TASK DETAILS:
Would you write out each line of the material below exactly, skipping every picture?

########################################

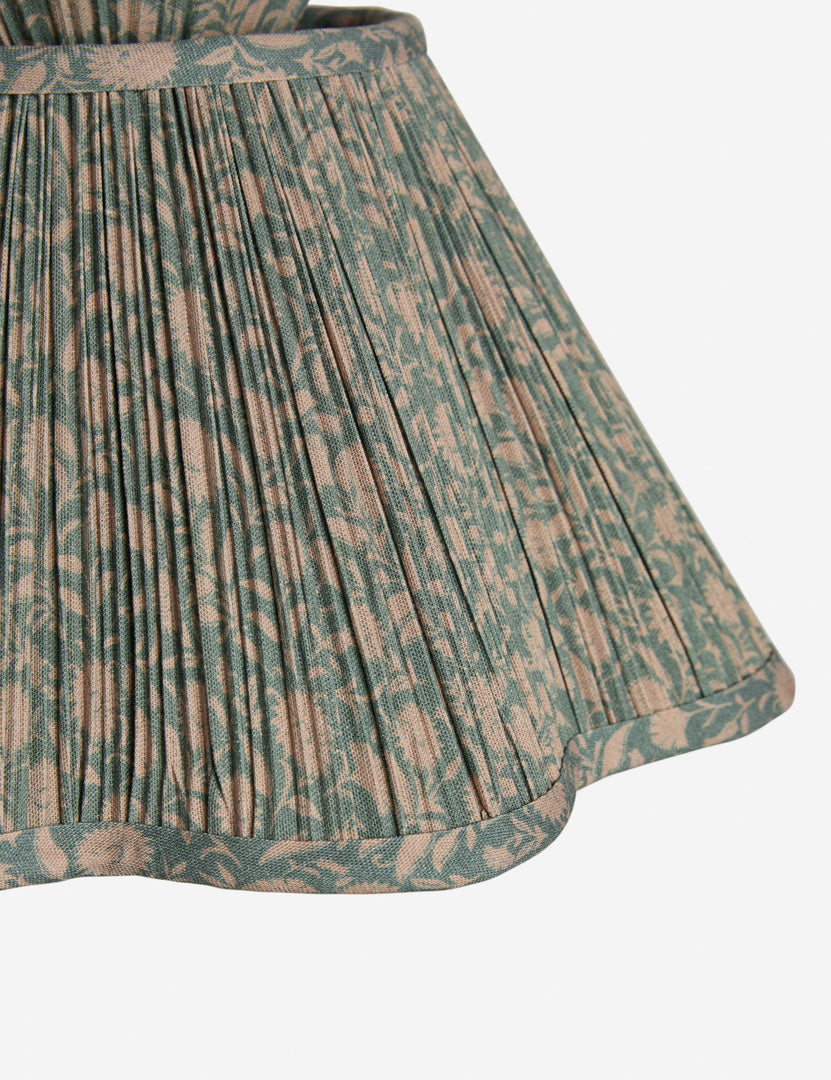 #color::Fransen-and-Antique-Brass #Size::15-Dia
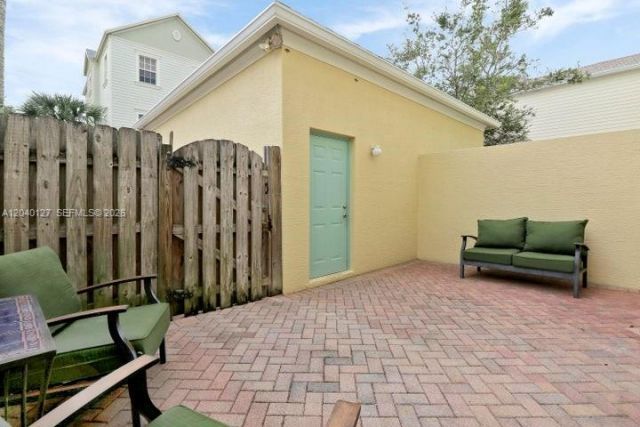 118 Seagrape Dr, Unit 105, Jupiter, FL 33458 Photo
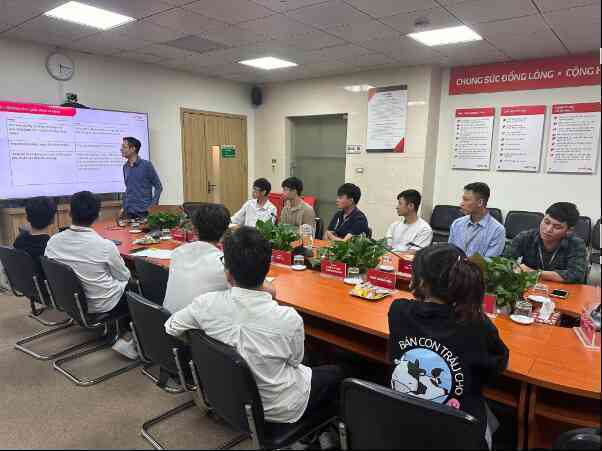Giám đốc Viettel Software: "Không đi đầu cũng là một lợi thế!"- Ảnh 3. Giám đốc Viettel Software: "Không đi đầu cũng là một lợi thế!"- Ảnh 3.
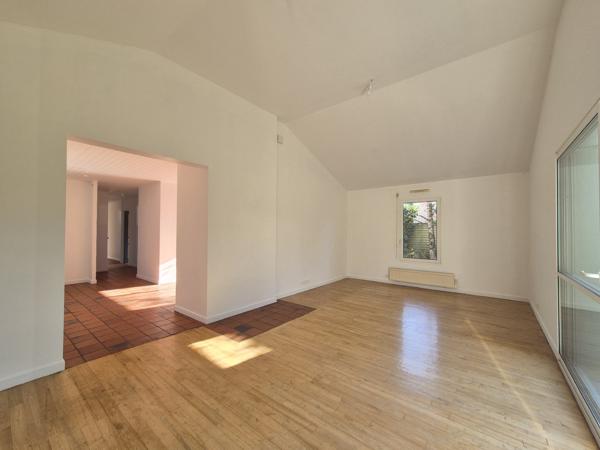 Maison
                                                                                                                                                                                                                                                                                                                        6 pièce(s)                                                                                                                                                                                                          4 chambre(s)                                                                                                                                                                                                          136  m²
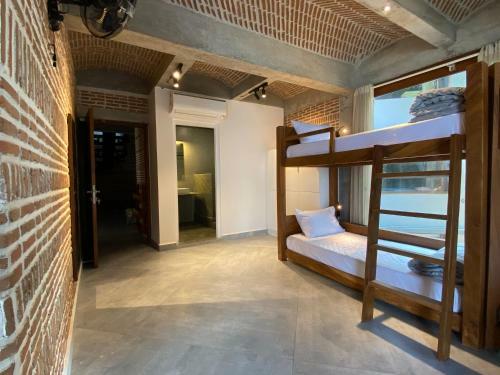 Hotel Ostel In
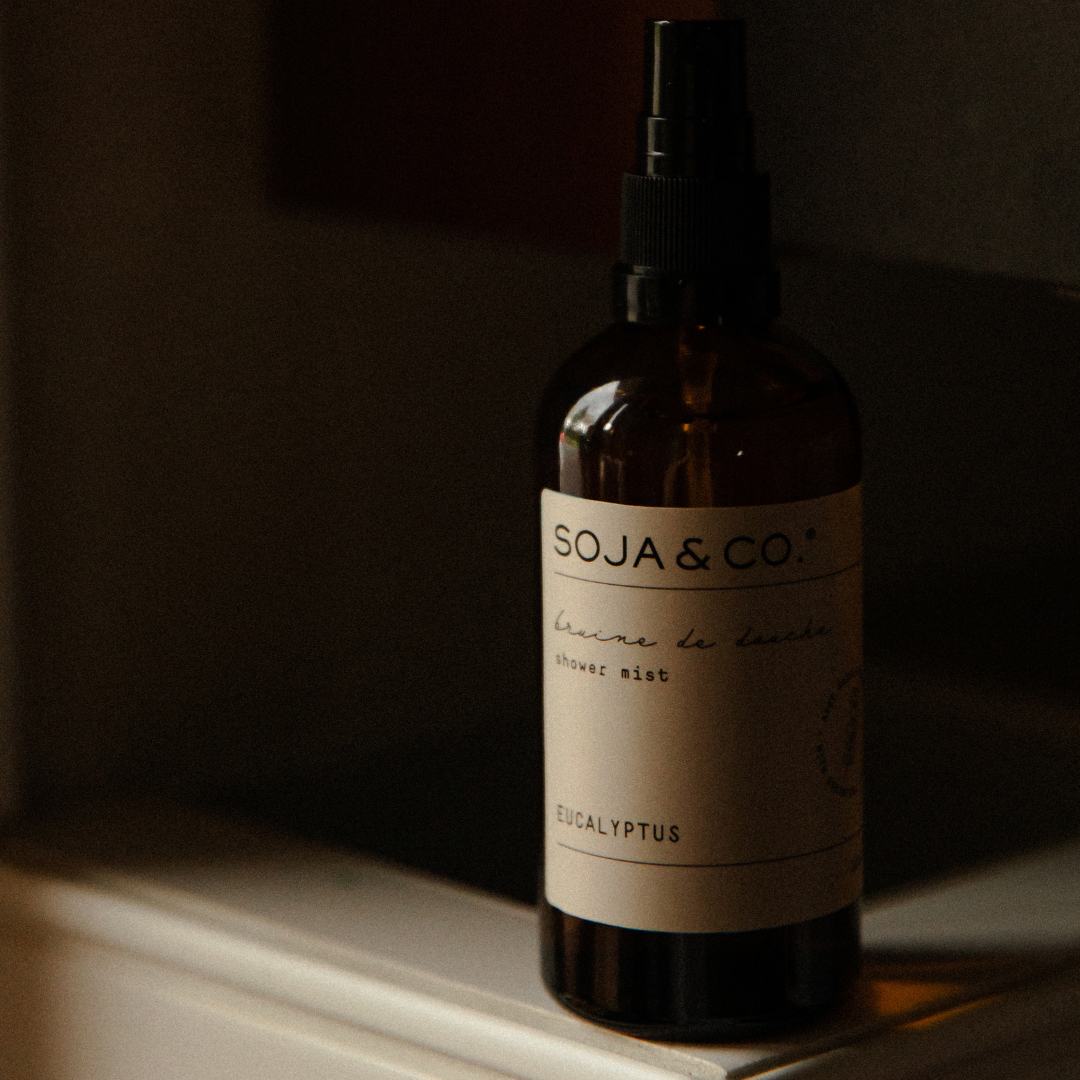 Bruine de douche SOJA&CO. parfum eucalyptus, contenant ambré réutilisable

########################################

YOUR SOLUTION:
 #color::Fransen-and-Antique-Brass #Size::15-Dia
 118 Seagrape Dr, Unit 105, Jupiter, FL 33458 Photo
Giám đốc Viettel Software: "Không đi đầu cũng là một lợi thế!"- Ảnh 3. Giám đốc Viettel Software: "Không đi đầu cũng là một lợi thế!"- Ảnh 3.
 Maison
                                                                                                                                                                                                                                                                                                                        6 pièce(s)                                                                                                                                                                                                          4 chambre(s)                                                                                                                                                                                                          136  m²
 Hotel Ostel In
 Bruine de douche SOJA&CO. parfum eucalyptus, contenant ambré réutilisable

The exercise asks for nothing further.